Bei dem Dräger 7410 handelt es sich um ein Vortestgerät zur Bestimmung des Alkoholgehaltes. Dabei wird der Mundalkohol des Fahrzeugführers festgestellt.

Die Vortestgeräte werden in regelmäßigen Abständen gewartet, sind jedoch nicht geeicht, so daß im Einzelfall weitere Maßnahmen erforderlich sind.

Die Geräte zeigen den Mundalkohol je nach Auslieferungszustand in Promille oder in mg/L an. Egal welcher Wert gemessen wird – eine Gerichtsverwertbarkeit besteht nicht. Im Regelfall ab 0,5 Promille / 0,25 mg/L ist eine Atemalkoholanalyse (AAK) oder Blutentnahme erforderlich.

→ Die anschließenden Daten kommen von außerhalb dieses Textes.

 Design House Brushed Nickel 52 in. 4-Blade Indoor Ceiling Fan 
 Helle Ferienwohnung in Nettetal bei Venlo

Bei einem Wert von 0,5 – 1,1 Promille (keine Ausfallerscheinungen und/oder Straftaten) wird, eine Atemalkoholanalyse angeboten (sofern das Gerät zur Verfügung steht) und mit dem Einverständnis des Betroffenen durchgeführt. Ansonsten erfolgt die Anordnung einer Blutentnahme.

Bei einem Wert von über 1,1 Promille wird in jedem Fall eine Blutentnahme angeordnet, da diese hier als einziges Beweismittel zugelassen ist. Sie kann und wird auch gegen den Willen des Probanden mit Zwang durchgeführt.

Bei Straftaten oder Ausfallerscheinungen sowie einem festgestellten Messergebnis von 0,3 – 1,1 Promille wird ebenfalls eine Blutentnahme angeordnet.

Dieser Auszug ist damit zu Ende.